Question

The value of the integral $\int {\left[ x \right]dx} $ is
A) $\dfrac{{{{[x]}^2}}}{2}\forall x > 0$
B) $\dfrac{{[{x^2}]}}{2}\forall x > 0$
C) $5x - 15$ for $x \in [0,t],t \in (5,6)$
D) Cannot be evaluated

Answer 1

Hint: Greatest integer function is a discontinuous function, so to determine the integral of a discontinuous function, the function is separated into intervals of continuous parts and then summing up all the integrals.

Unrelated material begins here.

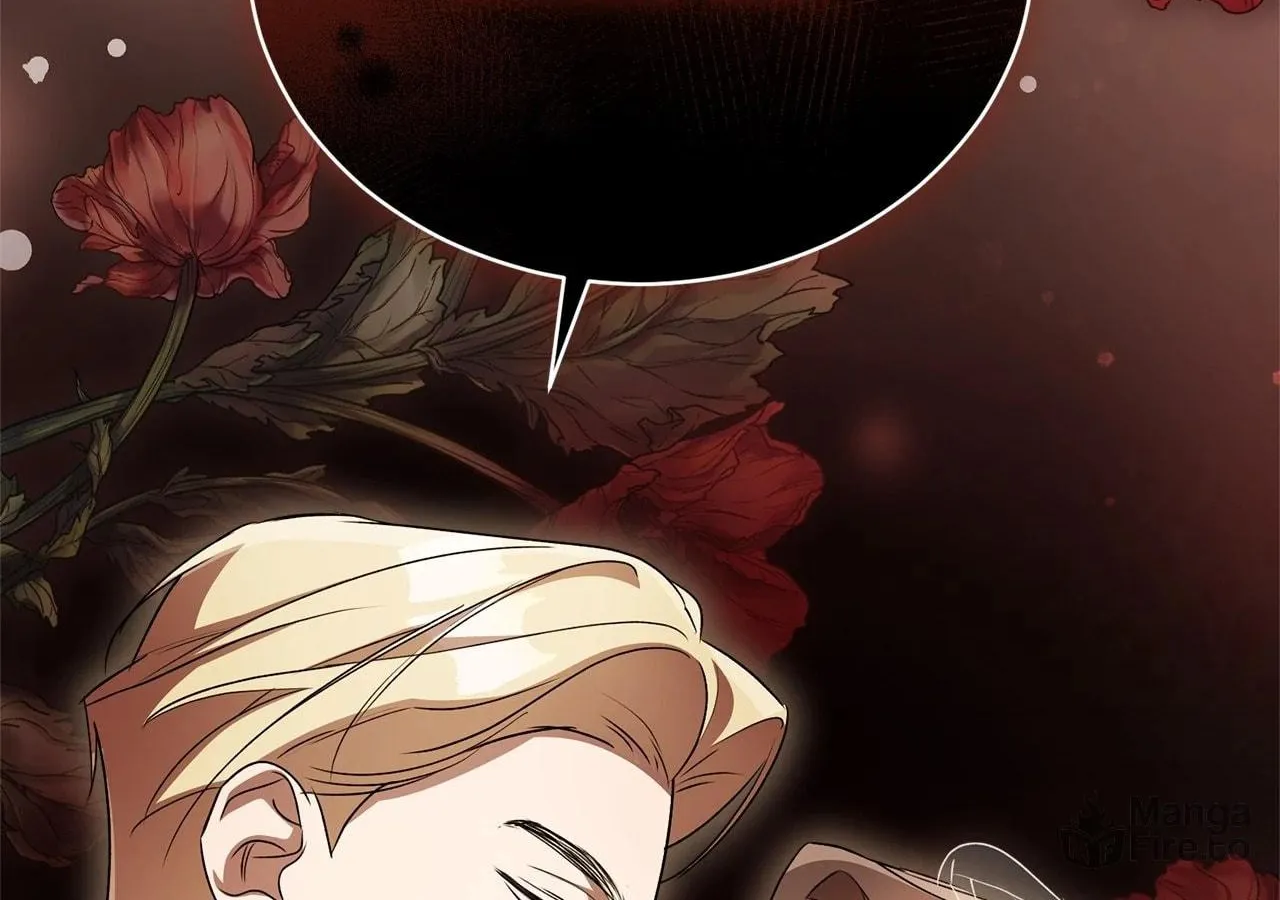 Arrogant Regret Chapter 8 page 150 -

Complete step by step answer:
We are required to evaluate the integral $\int {\left[ x \right]dx} $. We will proceed by considering each option separately.
Consider (A), that is $\dfrac{{{{[x]}^2}}}{2}\forall x > 0$.
To prove that the given option is not correct, we require a counter example, let us say for $x = 3.7$, so we need to determine the integral of the given function and check it with the given option if the answer is correct or not.
$\int\limits_0^{3.7} {[x]dx} $
Since it is a discontinuous function, so break it into different continuous parts, since for any integral of $[x]$ between $n$and $n + 1$,$\int\limits_n^{n + 1} {[x]dx = } \int\limits_n^{n + 1} {ndx} $, so we get
$\int\limits_0^{3.7} {[x]dx} = \int\limits_0^1 {0dx} + \int\limits_1^2 {1dx} + \int\limits_2^3 {2dx + \int\limits_3^{3.7} {3dx} } $
$\int\limits_0^{3.7} {[x]dx} = [0]_0^1 + [1]_1^2 + [2]_2^3 + [3]_3^{3.7}$
$\int\limits_0^{3.7} {[x]dx} = 0(1 - 0) + 1(2 - 1) + 2(3 - 2) + 3(3.7 - 3)$
$\int\limits_0^{3.7} {[x]dx} = 0 + 1 + 2 + 3(0.7) = 5.1$
Now, substitute the value of $x = 3.7$ in the value of integral given in option (A) $\dfrac{{{{[x]}^2}}}{2}$
$\dfrac{{{{[x]}^2}}}{2} = \dfrac{{{{[3.7]}^2}}}{2} = \dfrac{{{3^2}}}{2} = \dfrac{9}{2} = 4.5$
Since the value is not the same, so option (A) is not correct.
Now, consider option (B) that is $\dfrac{{[{x^2}]}}{2}\forall x > 0$
To prove that the given option is not correct, we require a counter example, let us say for $x = 3.7$, so we need to determine the integral of the given function and check it with the given option if the answer is correct or not.
As, we have already evaluated that $\int\limits_0^{3.7} {[x]dx} = 5.1$, we only need to substitute the value of $x = 3.7$ in the value of integral given in option (B) $\dfrac{{[{x^2}]}}{2}$
$\dfrac{{[{x^2}]}}{2} = \dfrac{{[{{3.7}^2}]}}{2} = \dfrac{{[13.69]}}{2} = \dfrac{{13}}{2} = 6.5$
Since the value is not the same, option (B) is not correct.
Consider (C), that is $5x - 15$ for $x \in [0,t],t \in (5,6)$,
Consider any arbitrary $t \in (5,6)$. Now we must determine the integral $\int\limits_0^t {[x]dx} $.
Break the integral into continuous parts,
$\int\limits_0^t {[x]dx} = \int\limits_0^1 {0dx} + \int\limits_1^2 {1dx} + \int\limits_2^3 {2dx} + \int\limits_3^4 {3dx} + \int\limits_4^5 {4dx} + \int\limits_5^t {5dx} $
Now, evaluate the other integral
$\int\limits_0^t {[x]dx} = [0]_0^1 + [1]_1^2 + [2]_2^3 + [3]_3^4 + [4]_4^5 + [5]_5^t$
$\int\limits_0^t {[x]dx} = 0(1 - 0) + 1(2 - 1) + 2(3 - 2) + 3(4 - 3) + 4(5 - 4) + 5(t - 5)$
$\int\limits_0^t {[x]dx} = 0 + 1 + 2 + 3 + 4 + 5t - 25$
$\int\limits_0^t {[x]dx} = 5t - 15$
The value of the integral is $5x - 15$ for $x \in [0,t],t \in (5,6)$.
So, option (C) is the correct.

Note:The greatest integer function is also known as the step function or floor function. The greatest integer function goes up to the nearest integer that is less than or equal to the provided number. The biggest integer function has R as its domain and $\mathbb{Z}$ as its range.